Work to complete: Lift out each line of the data that holds "Sport".

===

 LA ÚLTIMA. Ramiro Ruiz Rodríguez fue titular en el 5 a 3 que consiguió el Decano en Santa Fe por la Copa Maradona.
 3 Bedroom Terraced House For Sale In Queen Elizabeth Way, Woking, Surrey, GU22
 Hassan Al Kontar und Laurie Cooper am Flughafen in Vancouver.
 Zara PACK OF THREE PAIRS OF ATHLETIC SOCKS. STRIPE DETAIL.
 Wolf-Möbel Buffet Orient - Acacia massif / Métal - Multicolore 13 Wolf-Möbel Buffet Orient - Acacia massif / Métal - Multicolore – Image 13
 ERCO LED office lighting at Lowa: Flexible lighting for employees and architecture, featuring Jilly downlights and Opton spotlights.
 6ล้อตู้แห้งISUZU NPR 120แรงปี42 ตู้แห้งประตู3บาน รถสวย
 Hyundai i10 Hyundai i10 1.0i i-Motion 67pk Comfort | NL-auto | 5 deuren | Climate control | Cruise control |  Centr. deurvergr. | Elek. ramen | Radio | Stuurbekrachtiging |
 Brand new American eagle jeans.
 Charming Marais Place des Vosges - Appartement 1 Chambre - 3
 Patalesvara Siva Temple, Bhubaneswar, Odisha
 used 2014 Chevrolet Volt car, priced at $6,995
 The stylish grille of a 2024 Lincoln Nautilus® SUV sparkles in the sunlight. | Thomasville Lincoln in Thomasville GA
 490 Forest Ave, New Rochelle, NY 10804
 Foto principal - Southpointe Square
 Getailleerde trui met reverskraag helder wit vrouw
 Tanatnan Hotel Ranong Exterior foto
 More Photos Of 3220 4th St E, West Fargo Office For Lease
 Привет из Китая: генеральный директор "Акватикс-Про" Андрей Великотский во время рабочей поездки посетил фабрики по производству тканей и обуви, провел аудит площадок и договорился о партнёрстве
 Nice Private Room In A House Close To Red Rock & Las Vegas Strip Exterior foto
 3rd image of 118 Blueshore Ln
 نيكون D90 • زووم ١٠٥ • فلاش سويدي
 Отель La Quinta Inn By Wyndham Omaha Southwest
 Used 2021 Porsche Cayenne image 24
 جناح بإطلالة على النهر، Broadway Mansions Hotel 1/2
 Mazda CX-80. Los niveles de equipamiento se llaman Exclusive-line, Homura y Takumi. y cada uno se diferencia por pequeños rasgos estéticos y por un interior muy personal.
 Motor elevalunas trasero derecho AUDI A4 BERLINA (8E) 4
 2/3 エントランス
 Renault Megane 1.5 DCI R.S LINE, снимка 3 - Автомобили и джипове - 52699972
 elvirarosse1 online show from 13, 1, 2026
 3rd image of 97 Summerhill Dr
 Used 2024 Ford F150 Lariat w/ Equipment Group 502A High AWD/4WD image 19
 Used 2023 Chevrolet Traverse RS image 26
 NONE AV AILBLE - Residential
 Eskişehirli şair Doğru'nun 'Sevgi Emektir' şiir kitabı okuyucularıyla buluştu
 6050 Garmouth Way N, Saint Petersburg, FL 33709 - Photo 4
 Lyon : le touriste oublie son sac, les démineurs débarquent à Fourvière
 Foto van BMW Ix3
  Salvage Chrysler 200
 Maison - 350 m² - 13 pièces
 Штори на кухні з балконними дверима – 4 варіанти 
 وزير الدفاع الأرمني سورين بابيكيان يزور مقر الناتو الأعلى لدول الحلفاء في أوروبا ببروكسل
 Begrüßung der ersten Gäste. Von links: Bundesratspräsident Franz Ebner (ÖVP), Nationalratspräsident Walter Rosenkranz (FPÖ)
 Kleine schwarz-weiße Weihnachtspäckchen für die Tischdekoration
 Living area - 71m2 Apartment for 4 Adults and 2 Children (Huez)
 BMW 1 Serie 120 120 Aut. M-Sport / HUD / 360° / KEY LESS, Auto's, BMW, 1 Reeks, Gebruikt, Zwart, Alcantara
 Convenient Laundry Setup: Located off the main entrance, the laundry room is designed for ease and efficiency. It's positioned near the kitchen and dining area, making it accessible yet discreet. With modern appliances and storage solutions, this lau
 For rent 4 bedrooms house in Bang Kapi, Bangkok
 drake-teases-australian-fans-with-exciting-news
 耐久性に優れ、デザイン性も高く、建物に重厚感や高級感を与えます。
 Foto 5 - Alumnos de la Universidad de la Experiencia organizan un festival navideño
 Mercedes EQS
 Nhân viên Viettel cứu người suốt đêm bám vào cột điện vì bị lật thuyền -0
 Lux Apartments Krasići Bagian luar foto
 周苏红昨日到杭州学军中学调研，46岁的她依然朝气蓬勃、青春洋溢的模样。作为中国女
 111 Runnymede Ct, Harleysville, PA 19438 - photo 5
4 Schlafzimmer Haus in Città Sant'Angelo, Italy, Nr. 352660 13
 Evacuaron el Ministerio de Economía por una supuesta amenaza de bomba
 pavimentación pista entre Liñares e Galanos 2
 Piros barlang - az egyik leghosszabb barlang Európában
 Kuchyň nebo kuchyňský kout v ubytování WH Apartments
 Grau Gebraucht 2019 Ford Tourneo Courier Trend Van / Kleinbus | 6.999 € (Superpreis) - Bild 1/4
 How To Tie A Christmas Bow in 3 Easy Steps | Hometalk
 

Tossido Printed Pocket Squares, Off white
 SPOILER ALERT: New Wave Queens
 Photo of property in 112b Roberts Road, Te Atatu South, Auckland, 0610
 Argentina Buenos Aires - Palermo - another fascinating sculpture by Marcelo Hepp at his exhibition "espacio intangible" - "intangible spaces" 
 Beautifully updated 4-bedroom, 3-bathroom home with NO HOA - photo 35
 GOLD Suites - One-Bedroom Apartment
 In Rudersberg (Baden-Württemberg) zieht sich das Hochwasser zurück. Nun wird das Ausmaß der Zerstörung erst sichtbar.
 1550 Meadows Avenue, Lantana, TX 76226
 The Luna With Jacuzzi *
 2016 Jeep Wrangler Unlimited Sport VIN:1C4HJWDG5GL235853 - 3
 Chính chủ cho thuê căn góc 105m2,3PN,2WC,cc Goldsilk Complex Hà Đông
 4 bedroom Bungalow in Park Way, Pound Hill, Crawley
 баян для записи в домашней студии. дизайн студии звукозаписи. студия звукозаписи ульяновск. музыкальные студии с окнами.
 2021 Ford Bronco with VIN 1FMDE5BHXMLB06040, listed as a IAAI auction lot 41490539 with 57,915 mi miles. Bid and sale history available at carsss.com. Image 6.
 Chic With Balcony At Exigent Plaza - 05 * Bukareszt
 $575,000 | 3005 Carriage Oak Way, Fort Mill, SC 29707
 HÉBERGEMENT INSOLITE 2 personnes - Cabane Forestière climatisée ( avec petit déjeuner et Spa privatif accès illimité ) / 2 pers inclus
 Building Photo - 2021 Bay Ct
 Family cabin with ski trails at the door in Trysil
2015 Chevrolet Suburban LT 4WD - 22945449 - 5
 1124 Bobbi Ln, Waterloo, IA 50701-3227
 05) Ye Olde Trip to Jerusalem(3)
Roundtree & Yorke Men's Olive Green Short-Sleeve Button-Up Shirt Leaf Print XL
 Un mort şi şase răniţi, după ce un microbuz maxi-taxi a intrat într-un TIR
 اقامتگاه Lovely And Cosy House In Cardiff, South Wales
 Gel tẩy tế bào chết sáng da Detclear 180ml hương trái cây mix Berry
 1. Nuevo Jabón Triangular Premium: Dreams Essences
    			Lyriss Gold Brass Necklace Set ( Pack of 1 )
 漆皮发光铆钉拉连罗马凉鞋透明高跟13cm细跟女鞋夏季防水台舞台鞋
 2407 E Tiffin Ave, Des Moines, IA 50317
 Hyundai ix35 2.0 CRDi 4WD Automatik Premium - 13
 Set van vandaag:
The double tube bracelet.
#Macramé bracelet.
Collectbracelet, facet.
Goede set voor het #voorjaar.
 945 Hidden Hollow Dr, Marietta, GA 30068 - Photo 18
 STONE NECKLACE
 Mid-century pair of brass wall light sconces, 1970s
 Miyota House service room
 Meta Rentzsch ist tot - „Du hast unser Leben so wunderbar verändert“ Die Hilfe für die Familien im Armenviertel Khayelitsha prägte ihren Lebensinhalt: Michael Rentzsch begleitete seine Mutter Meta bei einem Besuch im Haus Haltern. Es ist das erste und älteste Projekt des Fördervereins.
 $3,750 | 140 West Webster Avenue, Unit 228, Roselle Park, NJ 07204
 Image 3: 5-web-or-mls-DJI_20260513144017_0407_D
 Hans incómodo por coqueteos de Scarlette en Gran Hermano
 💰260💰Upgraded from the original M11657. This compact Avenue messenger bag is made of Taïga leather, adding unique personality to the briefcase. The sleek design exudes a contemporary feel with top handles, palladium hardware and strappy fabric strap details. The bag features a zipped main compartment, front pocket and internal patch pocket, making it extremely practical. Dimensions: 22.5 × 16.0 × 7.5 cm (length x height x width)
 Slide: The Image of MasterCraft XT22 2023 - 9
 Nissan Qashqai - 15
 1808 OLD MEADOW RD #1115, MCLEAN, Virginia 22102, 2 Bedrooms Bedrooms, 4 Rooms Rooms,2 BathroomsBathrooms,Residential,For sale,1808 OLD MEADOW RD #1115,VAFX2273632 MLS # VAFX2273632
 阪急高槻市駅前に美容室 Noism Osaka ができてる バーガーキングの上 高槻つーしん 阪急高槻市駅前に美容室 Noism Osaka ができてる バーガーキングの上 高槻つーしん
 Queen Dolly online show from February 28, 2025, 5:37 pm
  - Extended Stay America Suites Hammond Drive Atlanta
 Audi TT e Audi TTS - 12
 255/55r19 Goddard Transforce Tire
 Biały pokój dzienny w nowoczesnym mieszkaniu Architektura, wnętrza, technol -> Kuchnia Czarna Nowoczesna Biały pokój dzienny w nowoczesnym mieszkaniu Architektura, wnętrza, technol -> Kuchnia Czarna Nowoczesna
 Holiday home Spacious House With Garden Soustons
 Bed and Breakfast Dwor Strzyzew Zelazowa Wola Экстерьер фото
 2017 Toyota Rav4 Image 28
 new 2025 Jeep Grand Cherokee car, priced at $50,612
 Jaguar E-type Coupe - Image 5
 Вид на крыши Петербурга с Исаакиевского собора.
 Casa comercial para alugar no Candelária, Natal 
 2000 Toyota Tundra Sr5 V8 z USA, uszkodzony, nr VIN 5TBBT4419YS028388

===

Your solution:
 BMW 1 Serie 120 120 Aut. M-Sport / HUD / 360° / KEY LESS, Auto's, BMW, 1 Reeks, Gebruikt, Zwart, Alcantara
 2016 Jeep Wrangler Unlimited Sport VIN:1C4HJWDG5GL235853 - 3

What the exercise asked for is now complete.